Storage Deal Geographies and Distribution Methods
The applicant plans to make storage deals primarily in Greater China and other parts of Asia. The data will be distributed to storage providers via HTTP or FTP servers, hard drive shipping, and IPFS. This diverse distribution strategy ensures broad accessibility and redundancy. Focusing on geographies like Greater China and Asia reflects a strategic approach to data distribution, potentially catering to a significant user base in these regions. Utilizing multiple distribution methods, including HTTP/FTP servers, hard drives, and IPFS, enhances the data's accessibility and resilience. This comprehensive approach to data distribution demonstrates a commitment to ensuring that the data is readily available to a wide range of users, regardless of their technical infrastructure or geographical location. The combination of strategic geographic focus and diverse distribution methods maximizes the data's potential impact and reach.
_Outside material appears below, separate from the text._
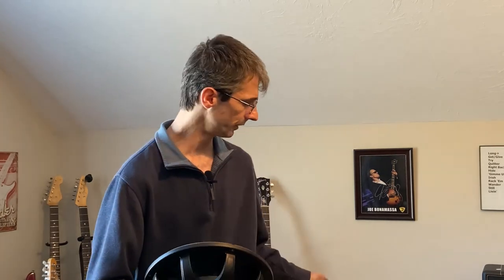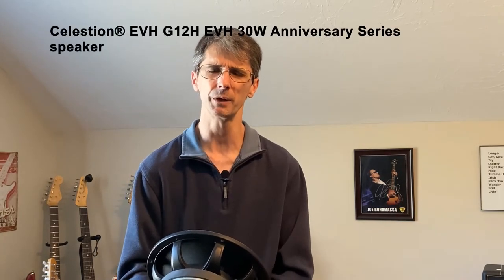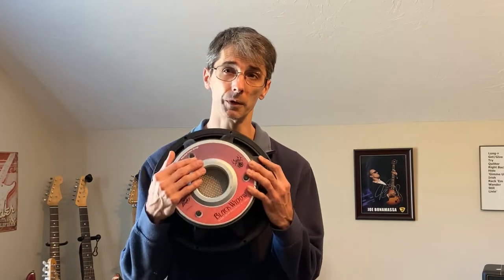I'm going to take a minute today just to go through a few different speakers just to let you see how it compares to them. I've got a Creamback 75, and I've also got in a different cabinet an EVH cabinet with a — I think it's an anniversary, 70th anniversary speaker or something like that. I'm not real sure, but then I'll throw the hybrid speaker in and we'll see what it can do.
Storage Provider Selection
Storage providers were found via Slack, and a list of specific provider IDs and locations is provided, including providers in Hong Kong and XinJiang. This transparency in provider selection is commendable. The use of Slack as a platform for finding storage providers highlights the importance of community engagement in the Filecoin ecosystem. Providing a list of specific provider IDs and locations adds transparency to the storage arrangement, enabling verification and accountability. This level of detail is crucial for building trust and confidence in the data storage process. The inclusion of providers from different geographic locations enhances the data's redundancy and accessibility, ensuring its availability to a global audience. The open and transparent approach to storage provider selection underscores the commitment to data integrity and accessibility.
Filecoin Guidelines and Deal Making
The applicant confirms that they will follow the Fil+ guidelines, which is crucial for ensuring the integrity and value of the network. The specific plans for making deals with storage providers are not detailed in the application, which could be an area for further discussion. Confirming adherence to Fil+ guidelines is a fundamental requirement for DataCap applications, demonstrating a commitment to the network's standards and principles. A clearer articulation of the deal-making strategy would provide additional insights into the applicant's approach to storage management and optimization. Understanding the deal-making process is essential for ensuring that the data is stored efficiently and cost-effectively. Further details on this aspect of the application would contribute to a more comprehensive assessment of its overall viability and impact.
Conclusion
Overall, this DataCap application for the Indiana Statewide Elevation Catalog is promising. The dataset is valuable, publicly accessible, and has clear use cases. However, additional details on data preparation and deal-making strategies would strengthen the application. I'm excited to see how this project can leverage the Filecoin network to make this important data even more accessible!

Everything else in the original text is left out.